E’ il secondo libro che leggo di questo autore di thriller molto apprezzato, in realtà ho iniziato per caso dall’ultimo, “Polvere e sangue”, che ho trovato scritto davvero in modo magistrale (questo il link della recensione Polvere e sangue).
In “Las Vegas baby” il detective Jonathan Stride si è trasferito nella città della sua compagna, anche lei detective, Serena Dial, una donna dal passato molto tormentato.
E’ stato messo in coppia con un’altra donna, Amanda, che si scopre essere poi una transessuale. Amanda è spiritosa e molto in gamba e Stride trova in lei una compagna di lavoro davvero eccezionale.
Intanto in città uno psicopatico sta uccidendo persone apparentemente non legate tra di loro da nulla, ma, scavando, si ritrova il filo conduttore di tutto: l’hotel Sherazade e l’omicidio, nel 1967, della bellissima ballerina Amira Luz.

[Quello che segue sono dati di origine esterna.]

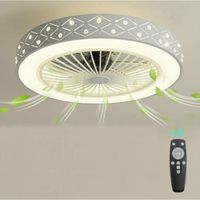 Ventilateur lampe Plafonnier à LED moderne minimaliste chambre plafonnier salon LED Fan plafonnier Lampe 72W avec télécommande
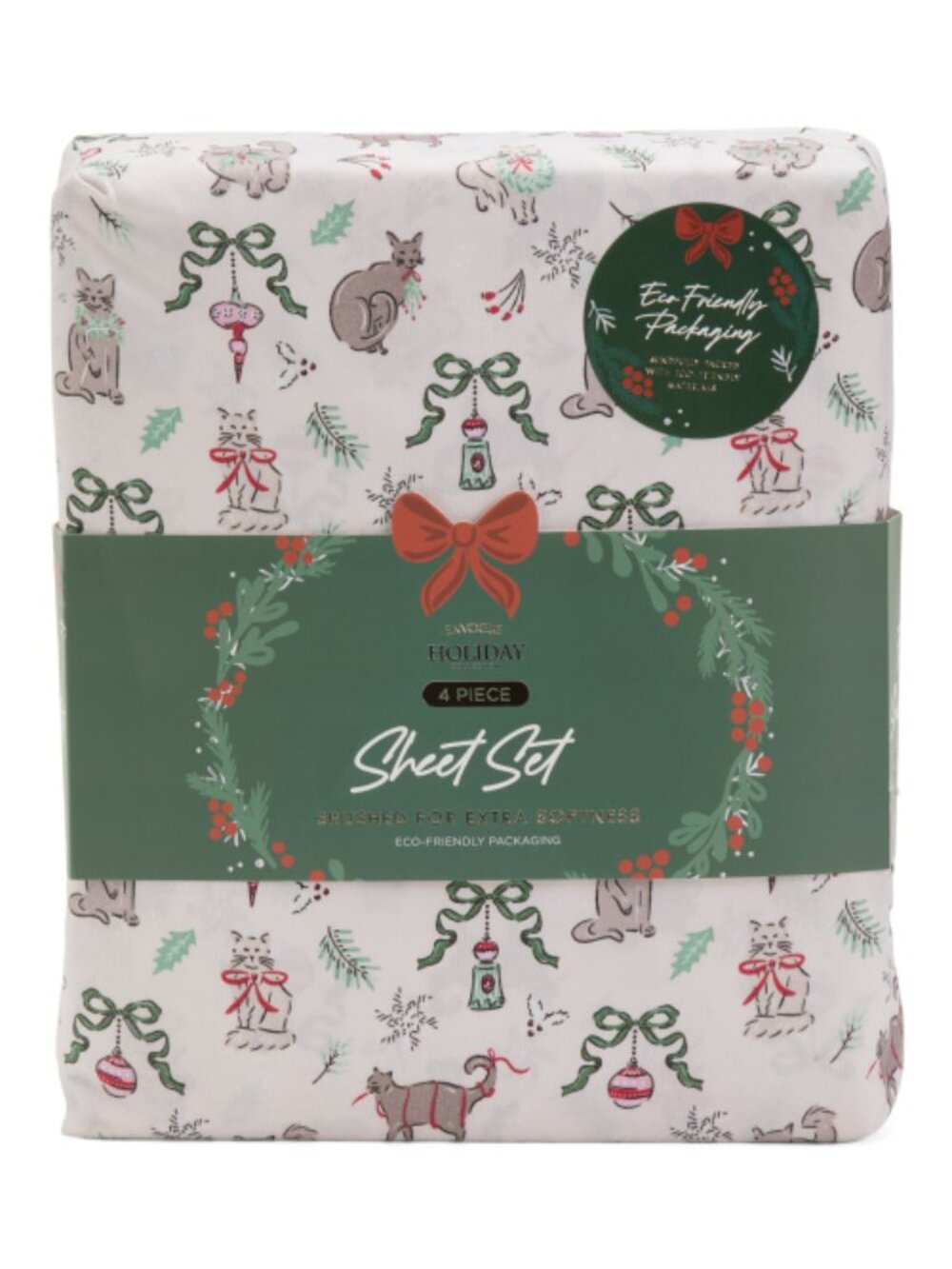 ENVOGUE Christmas Cats Vintage Bows Queen Sheet Set (4 Piece Set) - NIP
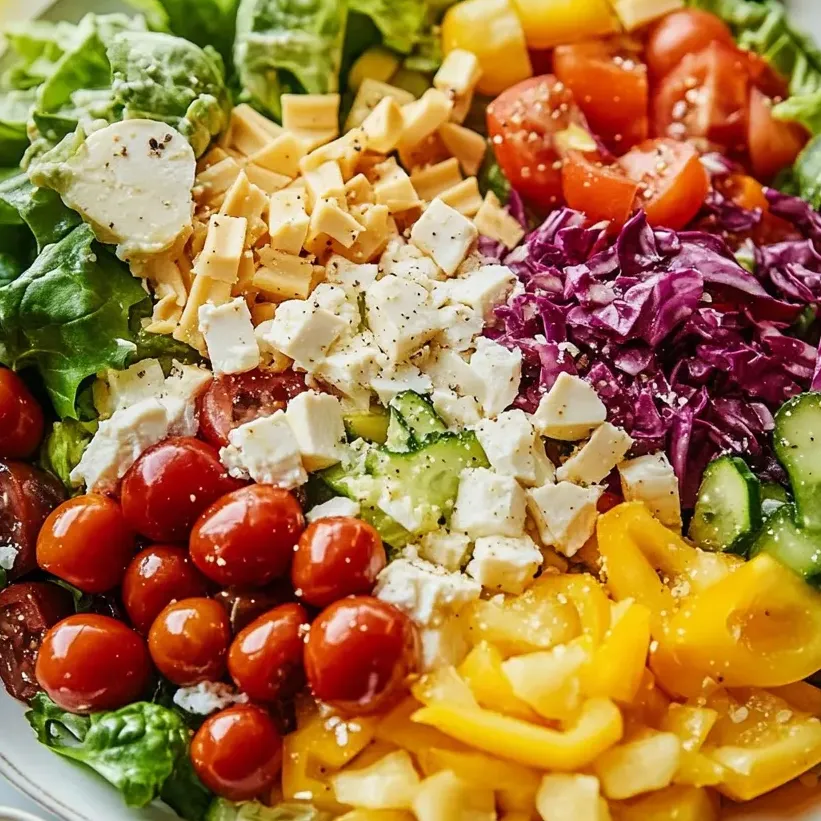 Eine bunte italienische Salatschale.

E’ una storia che ci riporta nella Las Vegas degli anni ’60, è come se ci immergessimo in questa città e, insieme a Stride, ci trovassimo a fare un salto nel passato e nei suoi torbidi segreti.
Devo ammettere che ho capito ben presto come potessero essere andate le cose e, via via, mi dicevo “l’avevo capito!!”…però il finale ci spiazza del tutto e ci fa comprendere a cosa possa condurre un’ossessione.
Serena, la compagna di Stride, riscopre il suo interesse per le donne e rivela al suo uomo che è attratta da Claire, una donna che i due stanno proteggendo dal killer.
Molti quindi gli argomenti trattati: gli abusi da parte dei genitori sui figli, l’identità sessuale dei protagonisti, il peso degli interessi economici sugli affetti, i segreti che si nascondono dietro un mondo di lustrini e paillettes.
Molto nostalgica la parte finale nella quale il vecchio colosso, l’hotel Sherazade, viene fatto implodere (non sto facendo spoiler, si dice fin dall’inizio che deve essere abbattuto per dare spazio ad una nuova costruzione).
Ecco il passaggio finale: Stride gettò un’ultima occhiata alla torre di macerie. Un pezzo dell’insegna era finito in cima al mucchio. Per qualche motivo questo lo fece pensare ai vecchi tempi, ai giornali ingialliti che aveva letto, alle foto dei giovani di allora, che ormai erano vecchi o già morti. Al 1967. Il sole brillò su quel frammento, e per un istante l’insegna sembrò prendere vita per l’ultima volta, liberando un bagliore che subito si spense.